*PROBLEM*: Could you transcribe every record below exactly, leaving out any pictures?

*STORED DATA*:
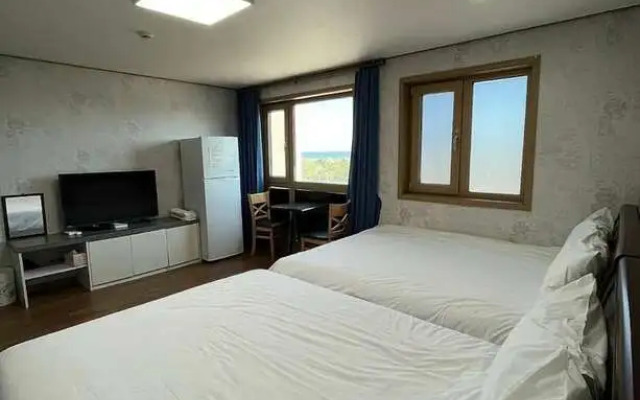 Jeju Baekrok Pension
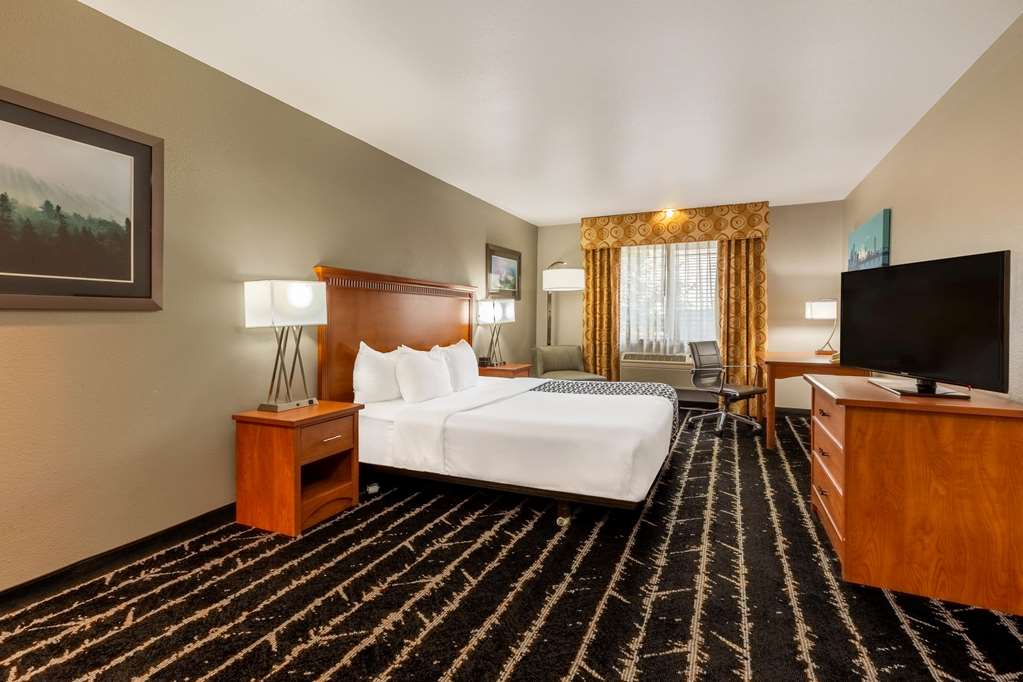 La Quinta Inn & Suites by Wyndham Vancouver - photo 12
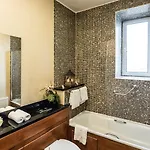 Clew Bay Hotel 3*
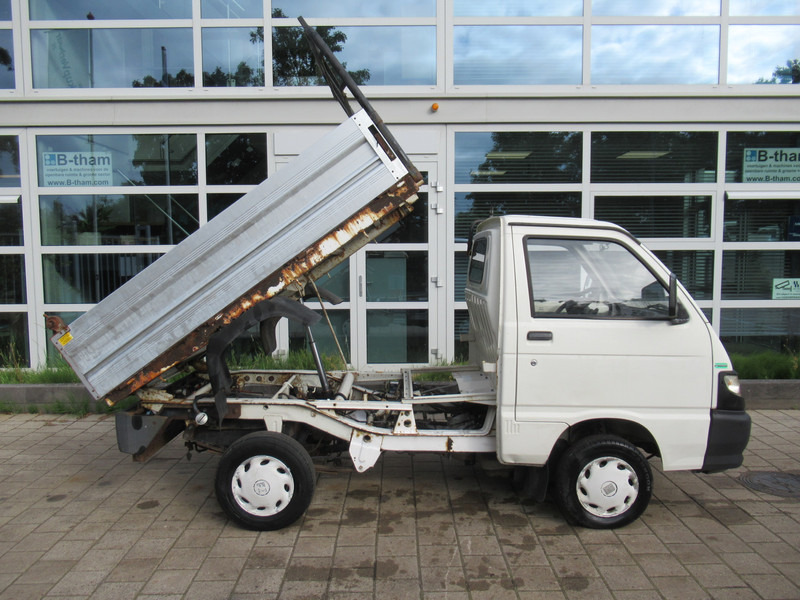 Piaggio Porter 1.3 Kipper SL ( NO Hydro-unit tipper ) - Utilitaire benne: photos 3 Piaggio Porter 1.3 Kipper SL ( NO Hydro-unit tipper ) - Utilitaire benne: photos 3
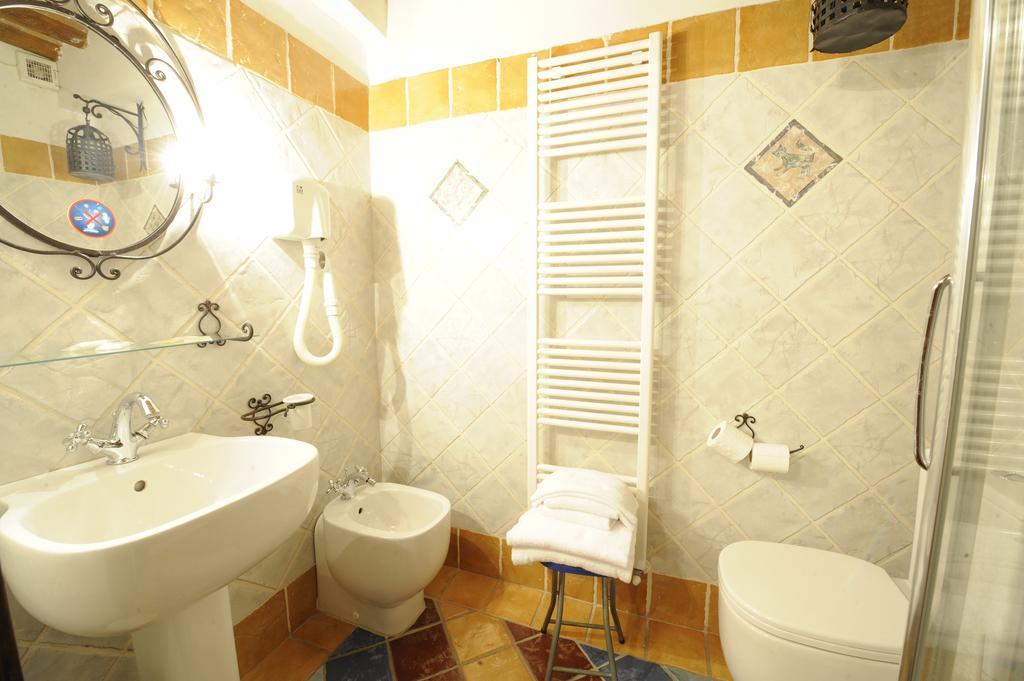 Double Room,823268162:JPEG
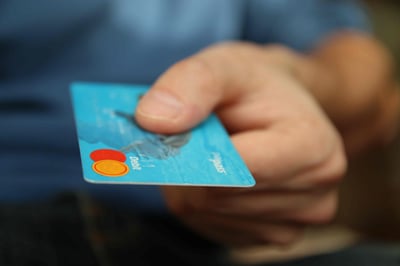 6 Ways to Incorporate Cards Into Your Bank’s Product Offerings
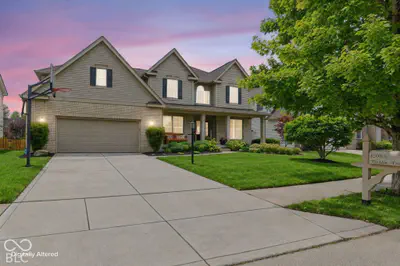 12085 Biddle Dr, Fishers - 2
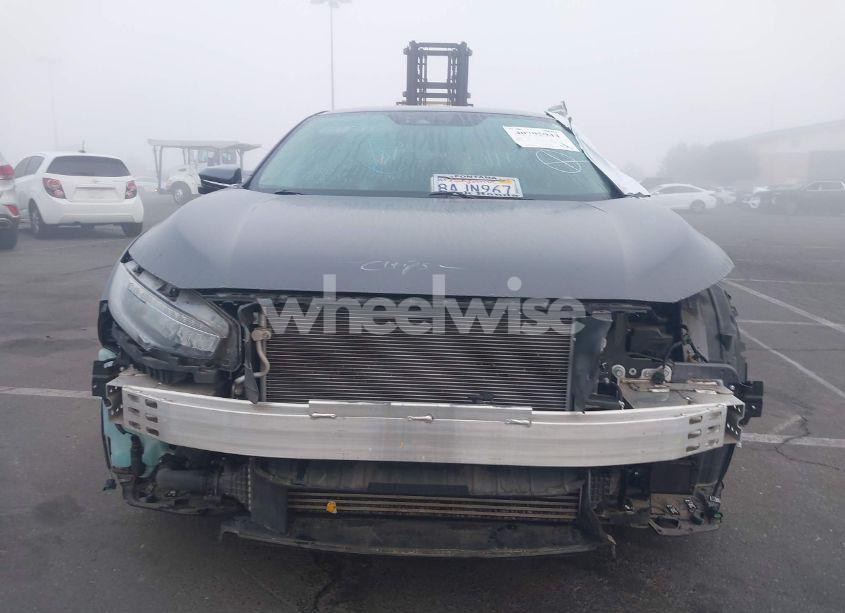 Photo 13 of 2017 Honda Civic TOURING (VIN 2HGFC1F98HH659062)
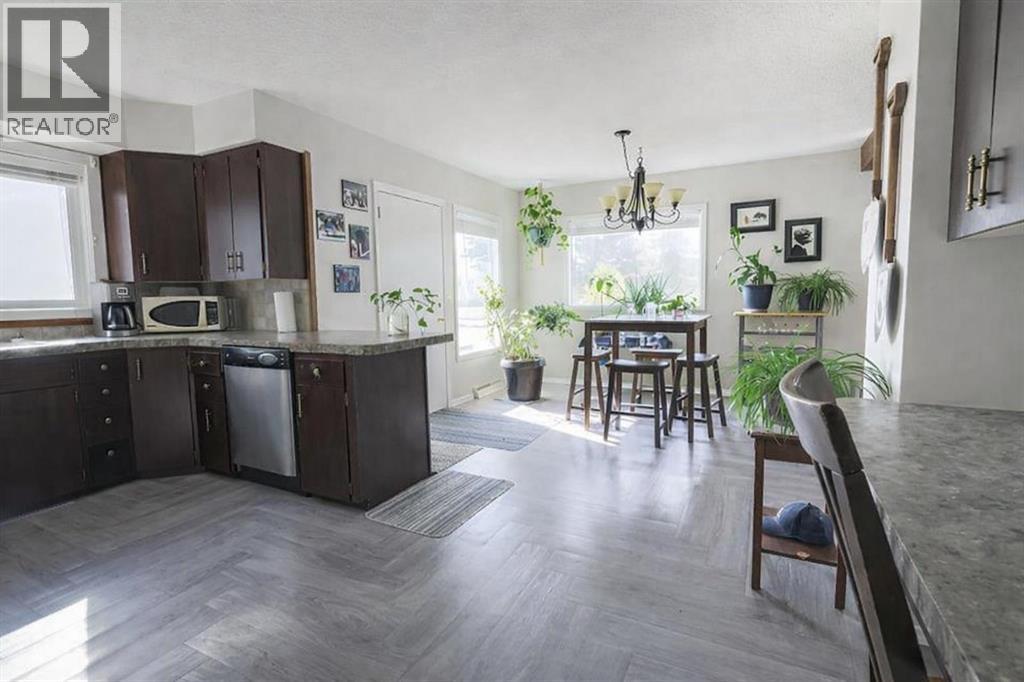 5424 51 Avenue - 5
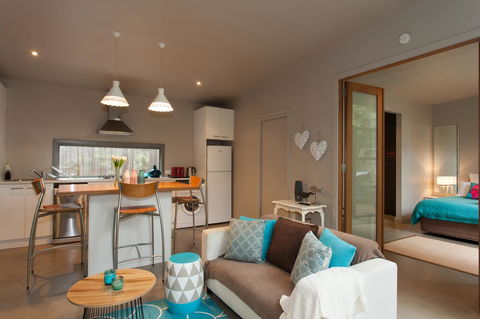The Love Shack - Romantic Bungalow - Melbourne 4u 3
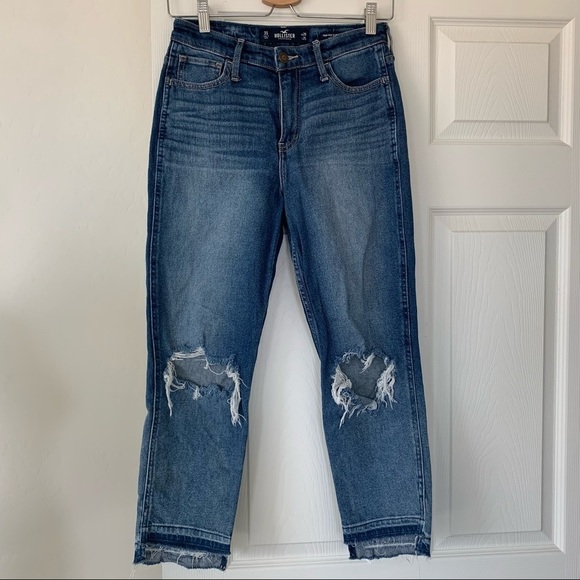Hollister Distressed Cropped Jeans Size 3 Short - Picture 2 of 8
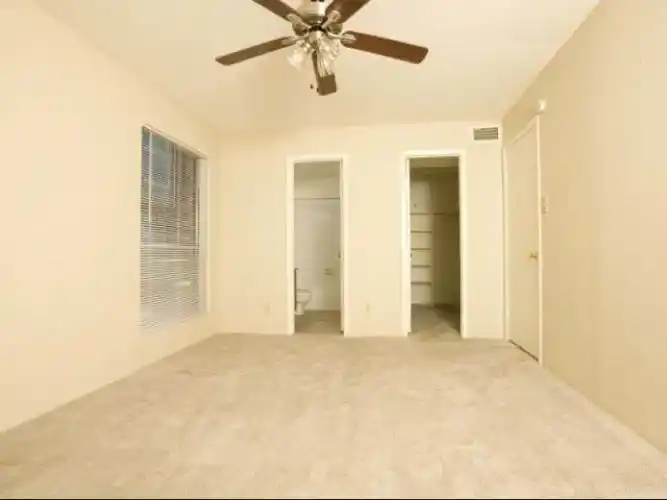 Rental by Apartment Wolf | Finley West | 9940 Richmond Ave, Houston, TX 77042 | apartmentwolf.com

*SOLVED EXERCISE*:
 Jeju Baekrok Pension
 La Quinta Inn & Suites by Wyndham Vancouver - photo 12
 Clew Bay Hotel 3*
 Piaggio Porter 1.3 Kipper SL ( NO Hydro-unit tipper ) - Utilitaire benne: photos 3 Piaggio Porter 1.3 Kipper SL ( NO Hydro-unit tipper ) - Utilitaire benne: photos 3
 Double Room,823268162:JPEG
 6 Ways to Incorporate Cards Into Your Bank’s Product Offerings
 12085 Biddle Dr, Fishers - 2
 Photo 13 of 2017 Honda Civic TOURING (VIN 2HGFC1F98HH659062)
 5424 51 Avenue - 5
The Love Shack - Romantic Bungalow - Melbourne 4u 3
Hollister Distressed Cropped Jeans Size 3 Short - Picture 2 of 8
 Rental by Apartment Wolf | Finley West | 9940 Richmond Ave, Houston, TX 77042 | apartmentwolf.com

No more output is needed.